== DATA EXCERPTS ==

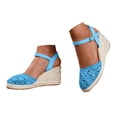 thumbnail image 3 of YLYL Women's Espadrilles Sandals Ankle Strap Buckle Closed Toe Platform Wedge Heel Summer Sandals, 3 of 9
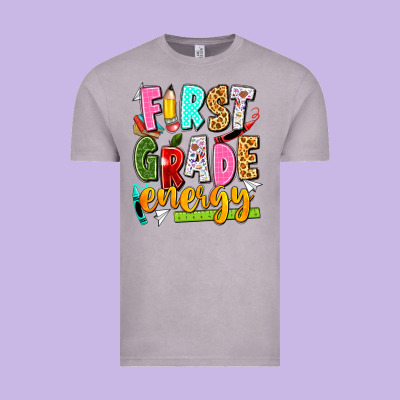 First Grade Energy Vintage Tee Designed By Texasbilliewilder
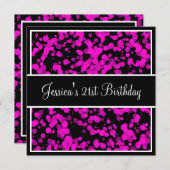 誕生日パーティーホットピンクバブル（白と黒） 招待状 (正面/裏面)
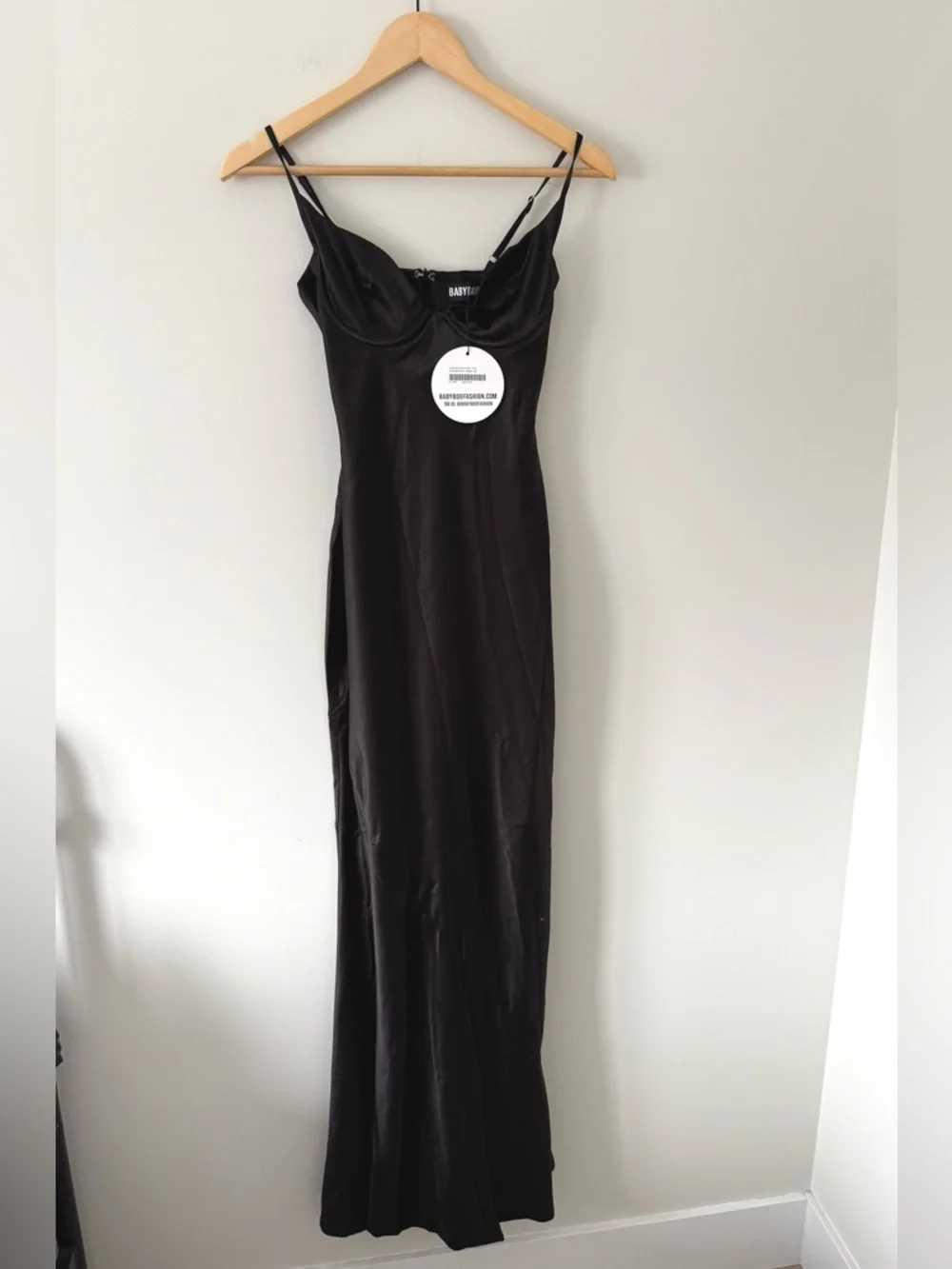 NWT BABYBOO Black Satin Slip Maxi Dress with Bustier Detail (size XS) - Picture 5 of 9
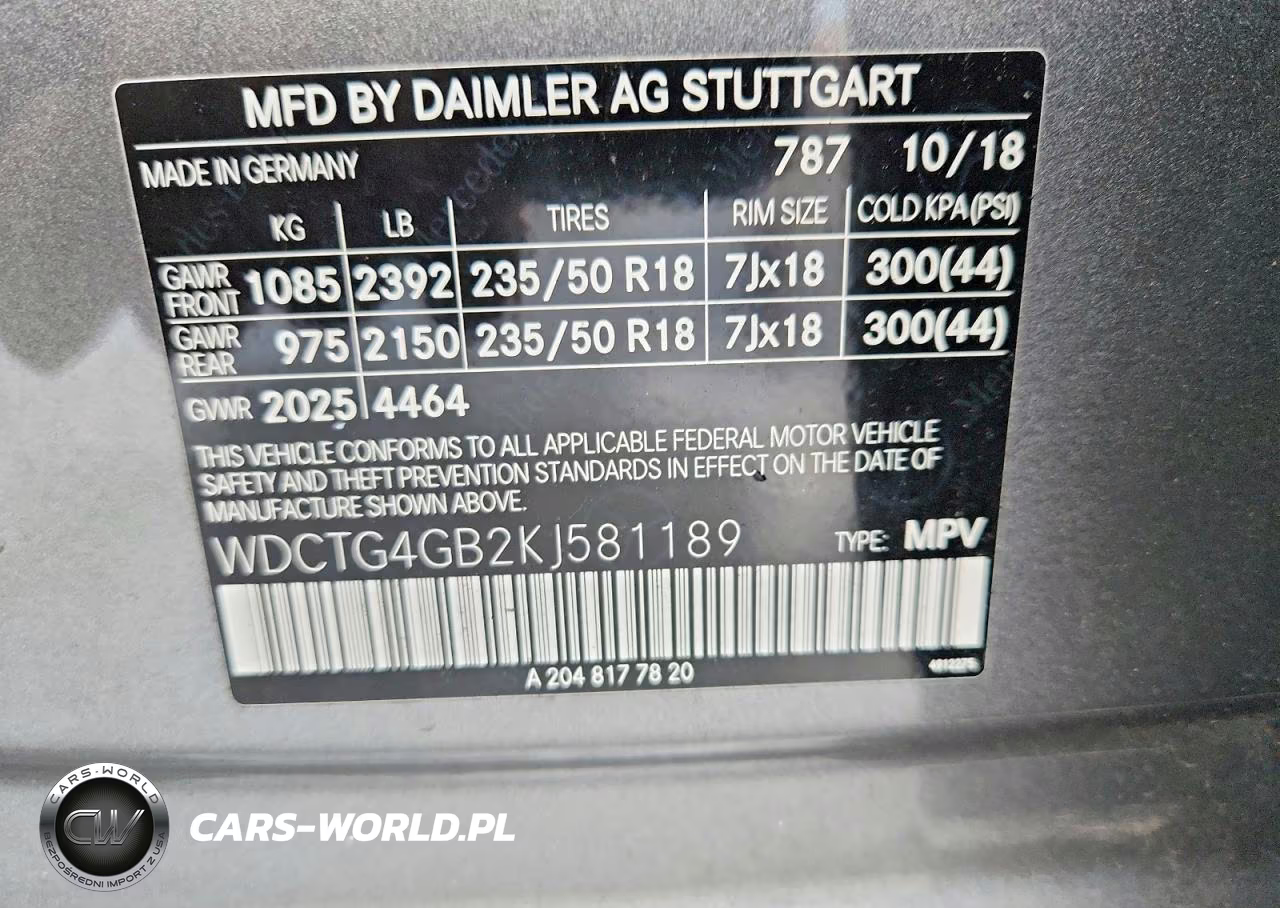 2019 Mercedes-Benz Gla 250 4Matic VIN:WDCTG4GB2KJ581189 - 13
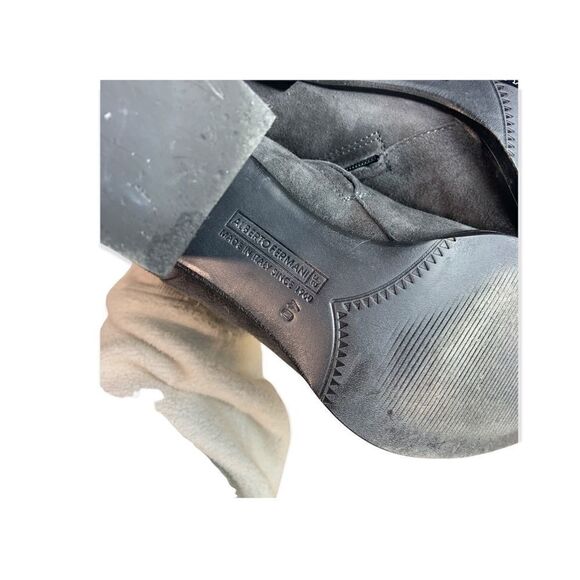 Alberto Fermani Anzio Grey Suede Block Heel Ankle Boot Size 40 - Picture 6 of 8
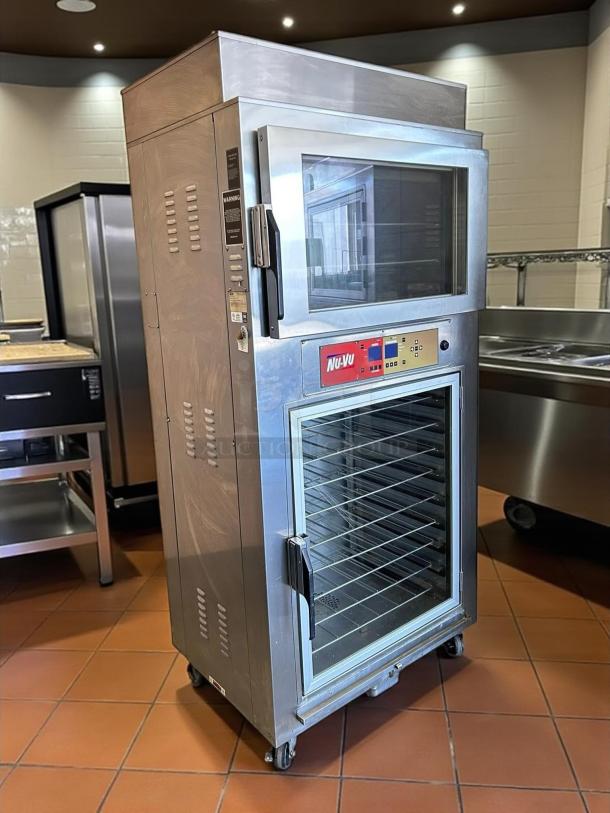 NUVU QB-3/9 Proofer Oven, Model SUB-123P, electric, 208v, stainless steel, dual glass doors, pristine condition.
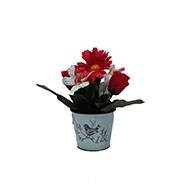 Composition fleurs artificielles cimetière gerberas et roses en pot déco H 25 cm D 20 cm Rouge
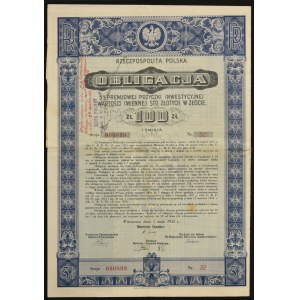 3% Premiowa Pożyczka Inwestycyjna 1935, obligacje 100 zł, emisja I - wygrana premia 500 zł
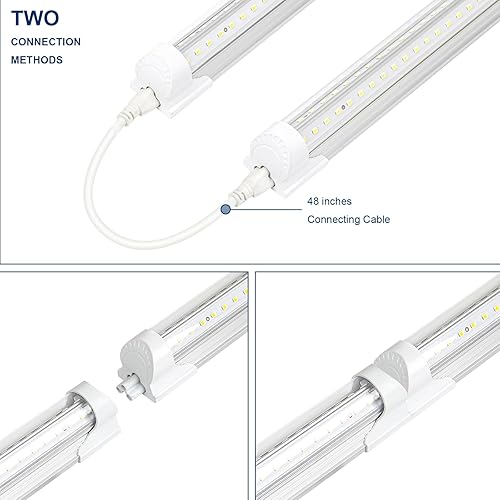 Miniatura 5 de EPESTOEC Luz LED para tienda de 8 pies, 12000 lúmenes, 80 W, 5000 K blanco súper brillante, luz de tubo LED T8 integrada en forma de V, luces de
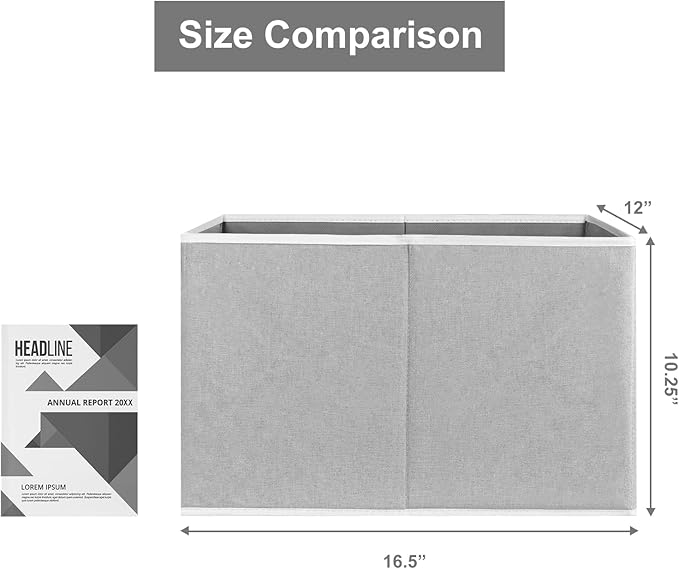 Closet Storage Bins, Fabric Closet Organizers and Storage Basket for Shelves, Collapsible Shelf Baskets for Organizing Shelves, Bedroom Clothes Basket, Gray, 3 Pack-NeatNest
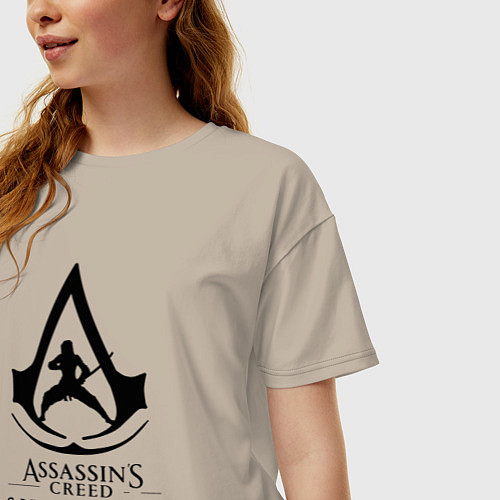 Женская футболка оверсайз Assassins Shadow / Миндальный – фото 3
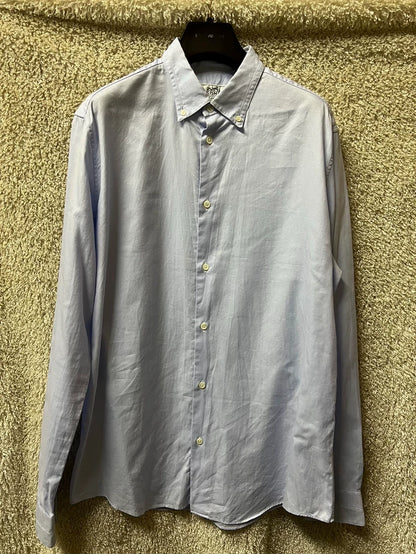 Hermes Men's Light Blue Long Sleeve Shirt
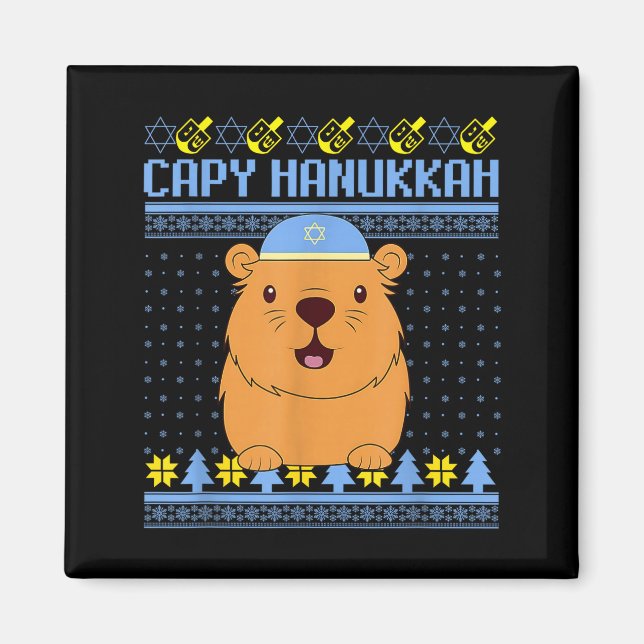 Imán Capybara Hanukkah Capy Hanukkah Chanukah Jewish Ki (Frente)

===

▶ [ACTIVITY] Print every line of the listing exactly, please, and leave the images out.

▶ [YOUR RESPONSE]
 thumbnail image 3 of YLYL Women's Espadrilles Sandals Ankle Strap Buckle Closed Toe Platform Wedge Heel Summer Sandals, 3 of 9
 First Grade Energy Vintage Tee Designed By Texasbilliewilder
 誕生日パーティーホットピンクバブル（白と黒） 招待状 (正面/裏面)
 NWT BABYBOO Black Satin Slip Maxi Dress with Bustier Detail (size XS) - Picture 5 of 9
 2019 Mercedes-Benz Gla 250 4Matic VIN:WDCTG4GB2KJ581189 - 13
 Alberto Fermani Anzio Grey Suede Block Heel Ankle Boot Size 40 - Picture 6 of 8
 NUVU QB-3/9 Proofer Oven, Model SUB-123P, electric, 208v, stainless steel, dual glass doors, pristine condition.
 Composition fleurs artificielles cimetière gerberas et roses en pot déco H 25 cm D 20 cm Rouge
 3% Premiowa Pożyczka Inwestycyjna 1935, obligacje 100 zł, emisja I - wygrana premia 500 zł
 Miniatura 5 de EPESTOEC Luz LED para tienda de 8 pies, 12000 lúmenes, 80 W, 5000 K blanco súper brillante, luz de tubo LED T8 integrada en forma de V, luces de
 Closet Storage Bins, Fabric Closet Organizers and Storage Basket for Shelves, Collapsible Shelf Baskets for Organizing Shelves, Bedroom Clothes Basket, Gray, 3 Pack-NeatNest
 Женская футболка оверсайз Assassins Shadow / Миндальный – фото 3
 Hermes Men's Light Blue Long Sleeve Shirt
 Imán Capybara Hanukkah Capy Hanukkah Chanukah Jewish Ki (Frente)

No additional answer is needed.